Study on the Mode and Characteristics of SSOs in Hybrid AC–DC Transmission Systems via Multitype Power Supply

Abstract

The impact of subsynchronous oscillation (SSO) on grid security is becoming increasingly prominent with the rapid development of a large new energy base. However, the SSO modes and characteristics in complex power systems where series-complementary AC systems, DC systems, wind farms, and thermal power plants co-exist simultaneously are still not well understood, and relevant research has yet to be conducted. To address these issues, this study aims to investigate the SSO oscillation modes and the participation of specific influencing factors using eigenvalue and participation factor analysis. Additionally, the influence of system operation mode and control parameters on the SSO characteristics is studied through eigenvalue analysis. The findings of this study suggest that multiple oscillation sources and the co-existence of various oscillation patterns in hybrid AC–DC transmission systems cause SSO problems. The SSOs arise due to inappropriate system operation or parameter selection. As the series compensation increases, the system tends to become unstable.
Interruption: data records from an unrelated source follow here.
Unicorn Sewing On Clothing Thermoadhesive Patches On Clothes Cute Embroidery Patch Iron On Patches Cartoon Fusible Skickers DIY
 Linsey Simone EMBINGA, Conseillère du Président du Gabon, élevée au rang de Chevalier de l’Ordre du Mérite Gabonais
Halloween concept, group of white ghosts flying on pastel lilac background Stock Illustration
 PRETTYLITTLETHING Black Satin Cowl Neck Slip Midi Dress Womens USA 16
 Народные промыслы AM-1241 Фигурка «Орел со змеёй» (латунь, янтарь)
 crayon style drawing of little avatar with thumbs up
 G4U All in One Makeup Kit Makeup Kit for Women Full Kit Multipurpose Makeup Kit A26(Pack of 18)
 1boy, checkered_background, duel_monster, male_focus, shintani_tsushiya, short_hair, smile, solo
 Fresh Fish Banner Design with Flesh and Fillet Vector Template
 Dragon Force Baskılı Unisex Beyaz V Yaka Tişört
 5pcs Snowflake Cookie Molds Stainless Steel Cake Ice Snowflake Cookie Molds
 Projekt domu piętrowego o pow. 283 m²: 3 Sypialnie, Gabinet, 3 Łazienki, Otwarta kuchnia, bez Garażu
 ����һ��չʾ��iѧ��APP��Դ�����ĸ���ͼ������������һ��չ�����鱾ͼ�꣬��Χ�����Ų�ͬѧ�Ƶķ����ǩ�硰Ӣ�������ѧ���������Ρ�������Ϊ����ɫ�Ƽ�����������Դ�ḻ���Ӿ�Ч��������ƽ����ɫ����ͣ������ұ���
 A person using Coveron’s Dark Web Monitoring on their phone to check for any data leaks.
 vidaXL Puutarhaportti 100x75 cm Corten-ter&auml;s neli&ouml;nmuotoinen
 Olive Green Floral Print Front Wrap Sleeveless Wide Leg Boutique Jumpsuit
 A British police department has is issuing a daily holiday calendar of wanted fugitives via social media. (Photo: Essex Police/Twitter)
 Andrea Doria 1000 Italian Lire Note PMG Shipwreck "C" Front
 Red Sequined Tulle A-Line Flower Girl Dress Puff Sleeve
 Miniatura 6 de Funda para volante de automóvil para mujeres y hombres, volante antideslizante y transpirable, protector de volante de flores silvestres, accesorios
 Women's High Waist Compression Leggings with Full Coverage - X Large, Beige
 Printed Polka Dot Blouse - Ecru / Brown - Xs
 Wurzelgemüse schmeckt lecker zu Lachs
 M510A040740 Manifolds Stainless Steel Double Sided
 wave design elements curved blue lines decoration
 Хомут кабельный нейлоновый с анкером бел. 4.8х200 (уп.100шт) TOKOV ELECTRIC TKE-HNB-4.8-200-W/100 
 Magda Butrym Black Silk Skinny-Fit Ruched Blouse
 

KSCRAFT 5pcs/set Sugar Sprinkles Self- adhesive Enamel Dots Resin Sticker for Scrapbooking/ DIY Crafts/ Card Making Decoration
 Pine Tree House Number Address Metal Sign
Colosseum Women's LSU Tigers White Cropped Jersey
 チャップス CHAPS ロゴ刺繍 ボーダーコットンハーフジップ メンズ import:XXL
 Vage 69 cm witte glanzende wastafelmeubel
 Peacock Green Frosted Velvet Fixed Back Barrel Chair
The system stability improves when the wind power output increases or the thermal power output decreases while keeping the output power of other sources constant. On the other hand, the system stability decreases as the DC transmission power gradually decreases. In terms of the control parameters, a higher value of the inner-loop proportionality coefficient of the converter current on the rotor side of the wind turbine results in a more unstable system. However, the rotor-side converter outer loop parameters and the stator-side control loop PI parameters have a negligible effect on the oscillation frequency and damping of the system. Matlab time domain simulations are conducted to verify the accuracy of the theoretical analysis.